The reason for incomplete follow-up among the 11.6% (98/674) participants who were lost to follow-up included: Refusal to be venepunctured the second time; residence relocation; changing ante-natal clinic to nearby health care centers; loss of pregnancy by baseline HSV-2 seronegative participants with consequent withdrawal of participation; and unclear documentation of archived blood samples. Some gave no reason (they just stopped communicating).
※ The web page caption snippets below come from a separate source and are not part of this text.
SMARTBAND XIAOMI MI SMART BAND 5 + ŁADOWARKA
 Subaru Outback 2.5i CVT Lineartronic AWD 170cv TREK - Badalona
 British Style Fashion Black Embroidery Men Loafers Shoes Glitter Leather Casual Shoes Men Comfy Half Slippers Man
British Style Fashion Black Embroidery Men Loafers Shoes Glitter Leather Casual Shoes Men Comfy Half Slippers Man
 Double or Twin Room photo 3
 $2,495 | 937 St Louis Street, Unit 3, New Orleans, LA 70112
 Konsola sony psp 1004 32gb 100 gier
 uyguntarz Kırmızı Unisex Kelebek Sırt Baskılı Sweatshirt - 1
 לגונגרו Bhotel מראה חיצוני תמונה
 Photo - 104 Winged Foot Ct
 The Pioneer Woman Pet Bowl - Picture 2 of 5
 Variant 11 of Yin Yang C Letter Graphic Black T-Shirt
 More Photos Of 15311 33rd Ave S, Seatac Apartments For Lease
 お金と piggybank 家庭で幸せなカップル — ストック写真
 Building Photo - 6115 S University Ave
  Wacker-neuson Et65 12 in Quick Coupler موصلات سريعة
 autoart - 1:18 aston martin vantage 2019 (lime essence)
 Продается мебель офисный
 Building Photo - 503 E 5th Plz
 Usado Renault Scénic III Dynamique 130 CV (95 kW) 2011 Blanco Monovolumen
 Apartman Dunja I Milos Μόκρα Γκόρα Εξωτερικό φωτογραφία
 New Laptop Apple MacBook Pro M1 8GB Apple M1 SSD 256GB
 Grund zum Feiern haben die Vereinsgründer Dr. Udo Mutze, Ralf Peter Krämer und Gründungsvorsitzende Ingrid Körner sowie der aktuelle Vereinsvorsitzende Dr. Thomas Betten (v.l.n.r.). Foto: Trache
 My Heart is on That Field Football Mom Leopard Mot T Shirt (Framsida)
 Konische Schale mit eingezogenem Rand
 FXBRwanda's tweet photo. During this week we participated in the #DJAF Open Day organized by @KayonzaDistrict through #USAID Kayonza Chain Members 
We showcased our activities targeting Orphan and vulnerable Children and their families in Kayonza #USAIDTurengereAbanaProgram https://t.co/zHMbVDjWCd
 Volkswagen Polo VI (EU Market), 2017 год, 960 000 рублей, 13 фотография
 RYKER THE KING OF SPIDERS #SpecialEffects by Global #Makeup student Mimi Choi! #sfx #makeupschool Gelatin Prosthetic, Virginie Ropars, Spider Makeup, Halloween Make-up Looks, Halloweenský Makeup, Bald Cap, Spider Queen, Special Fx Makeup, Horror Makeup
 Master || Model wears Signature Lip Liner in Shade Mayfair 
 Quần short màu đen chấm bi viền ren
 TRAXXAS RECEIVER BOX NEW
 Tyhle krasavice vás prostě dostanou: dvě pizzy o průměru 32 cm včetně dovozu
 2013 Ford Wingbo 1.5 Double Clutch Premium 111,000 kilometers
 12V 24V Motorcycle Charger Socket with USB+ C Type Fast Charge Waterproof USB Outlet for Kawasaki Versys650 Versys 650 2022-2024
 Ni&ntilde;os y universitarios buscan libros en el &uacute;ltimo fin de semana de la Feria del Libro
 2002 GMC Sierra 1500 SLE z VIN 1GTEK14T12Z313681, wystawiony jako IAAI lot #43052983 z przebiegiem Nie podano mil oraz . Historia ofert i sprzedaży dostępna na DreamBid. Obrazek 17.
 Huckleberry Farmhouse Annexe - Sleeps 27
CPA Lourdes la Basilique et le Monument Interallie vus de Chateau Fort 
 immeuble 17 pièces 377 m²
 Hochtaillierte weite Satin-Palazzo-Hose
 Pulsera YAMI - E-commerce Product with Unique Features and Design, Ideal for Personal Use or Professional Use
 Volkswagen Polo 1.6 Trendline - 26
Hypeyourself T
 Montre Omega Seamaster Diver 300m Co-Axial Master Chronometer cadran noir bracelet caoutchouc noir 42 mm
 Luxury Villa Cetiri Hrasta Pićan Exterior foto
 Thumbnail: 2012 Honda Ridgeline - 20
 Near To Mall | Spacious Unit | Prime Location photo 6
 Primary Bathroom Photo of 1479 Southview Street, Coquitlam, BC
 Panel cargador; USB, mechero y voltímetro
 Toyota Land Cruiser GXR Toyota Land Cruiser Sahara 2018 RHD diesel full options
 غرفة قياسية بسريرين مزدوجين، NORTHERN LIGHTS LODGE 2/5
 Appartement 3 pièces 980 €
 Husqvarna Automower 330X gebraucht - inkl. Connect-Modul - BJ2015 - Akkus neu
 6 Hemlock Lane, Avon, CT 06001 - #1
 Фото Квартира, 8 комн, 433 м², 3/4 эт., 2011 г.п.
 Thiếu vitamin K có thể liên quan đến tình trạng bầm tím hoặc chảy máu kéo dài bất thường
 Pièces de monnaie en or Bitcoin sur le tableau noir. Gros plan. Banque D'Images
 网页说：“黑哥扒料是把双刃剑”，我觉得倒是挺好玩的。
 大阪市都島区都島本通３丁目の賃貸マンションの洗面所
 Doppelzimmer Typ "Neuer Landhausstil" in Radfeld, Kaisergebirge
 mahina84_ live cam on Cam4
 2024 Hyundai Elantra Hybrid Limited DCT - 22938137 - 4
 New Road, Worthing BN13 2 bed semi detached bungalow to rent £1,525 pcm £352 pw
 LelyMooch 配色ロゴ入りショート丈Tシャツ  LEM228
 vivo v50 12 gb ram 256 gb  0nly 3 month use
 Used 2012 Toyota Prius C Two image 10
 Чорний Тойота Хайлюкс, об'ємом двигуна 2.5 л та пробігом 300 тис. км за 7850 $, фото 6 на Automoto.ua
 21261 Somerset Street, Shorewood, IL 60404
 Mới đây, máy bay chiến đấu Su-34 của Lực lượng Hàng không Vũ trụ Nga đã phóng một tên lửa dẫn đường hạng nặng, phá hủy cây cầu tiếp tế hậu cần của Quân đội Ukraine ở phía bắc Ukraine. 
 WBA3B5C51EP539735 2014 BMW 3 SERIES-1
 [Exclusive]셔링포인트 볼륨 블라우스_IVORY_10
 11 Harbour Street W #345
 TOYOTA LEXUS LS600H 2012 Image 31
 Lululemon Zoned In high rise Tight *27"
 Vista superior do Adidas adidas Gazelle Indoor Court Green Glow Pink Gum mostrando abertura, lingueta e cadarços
The characteristics of those who completed follow-up protocol were essentially similar to those of the baseline study participants.

General pattern of pregnancy outcomes

Irrespective of the follow-up participant category, the pregnancies of an overall majority (89.1%) of them were generally uncomplicated. The only observed adverse events were spontaneous abortion, delivery of LBW babies, preterm delivery, and still births. Seven out of the 32 cases of stillbirth (21.9%) were macerated.

There were no recorded incidences of IUFD, congenital malformations and neonatal herpes [Table 3] and [Figure 2].
Figure 2 : General pattern (percent frequencies) of occurrence of complications in the three cohorts

Click here to view
Table 3: Relative frequencies of obstetrics complications among the three cohorts of follow-up participants


Click here to view


When categorized into three cohorts, (namely "HSV-2 seropositive", "HSV-2 seronegative," and "incident HSV-2 infection" groups, complications occurred most in the group with incident HSV-2 infection [Table 3] and [Figure 2].

Occurrence of complications

"HSV-2 seropositive" versus "HSV-2 seronegative" groups: Between the "HSV-2 seropositive" and the "HSV-2 seronegative" groups, differences in the frequencies of occurrence of LBW delivery, preterm delivery, spontaneous abortion, and stillbirth events were not statistically significant (P = 0.96; 0.95; 1.0; and 0.77, respectively).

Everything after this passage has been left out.